Everyone else had paid a courier.
2011: A COCK ODYSSEY
There was one thing Roo vitally wanted to see on this particular stretch of wall. Scouring the guide book for bits on interest she had come across something she just had to photograph: somewhere on the mile of wall we had missed yesterday, an ancient Roman comedian had carved a big fat penis.
And so, bag-free, we leapt athletically up and down this stretch of wall, frantically searching for this pre-historic phallus. It wasn’t easy to find. “There’s no cock,” I told Roo.
“There IS,” she declared. “I HAVE TO see that cock!”
“You can see mine tonight,” I offered.
“No. It’s not ancient enough.”
Such is married life. You’ve got to take the compliments where you can get ‘em.
A group of boy scouts approached, optimistically carrying sleeping mats. “Any of you guys seen a big cock?” I asked the lads.
“My missis is desperate to get her hands on that cock,” I tried.
“I think it’s about yay-big…” I held my hands a foot apart.
They must have been foreign.
By this point Roo was running up and down, screeching “Where’s the cock? I WANT the cock!” More than a few passing hikers had stopped to stare at us. But just as we decided to quit (or in fact as I attempted to drag Roo away, with her still shouting “I just want to touch the cock!” – we FOUND IT!

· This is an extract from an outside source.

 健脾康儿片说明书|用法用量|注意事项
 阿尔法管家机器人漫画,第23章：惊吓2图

It was spectacular. Not. But then, it had been carved close to two thousand years ago, and it was an amazingly accurate reproduction. I was forced to picture some unlucky legionnaire, ordered by his Centurion to flop it out in the chilly Cumbrian wind and hold it there while the sculptor chiseled a perfect likeness in limestone. On the upside, he must have one of the most famous willies in all of recorded history. And the most handled – both Roo and me had to have a sly stroke – because after all, it is a piece of history. With a great big pair of balls, for realism, almost worn away by the passage of time. And hands.

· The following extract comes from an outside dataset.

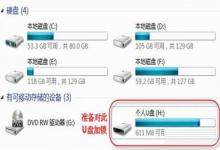 不借助第三方软件就能给U盘私密文件加锁加密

One unexpected advantage of this new take on hiking was this: instead of staggering into town bare moments ahead of darkness, we had a leisurely lunch and decided to turn in early. Half an hour later we’d found a bunkhouse, claimed the best beds, turned the heating right up and lay in bed reading the books we’d never been able to fit into our rucksacks. Hell, I even broke out the computer and checked Facebook – whilst sipping a bottle of cider I’d had to leave with the car. ‘Ahhh…’ I thought, ‘now this is what hiking should be like!’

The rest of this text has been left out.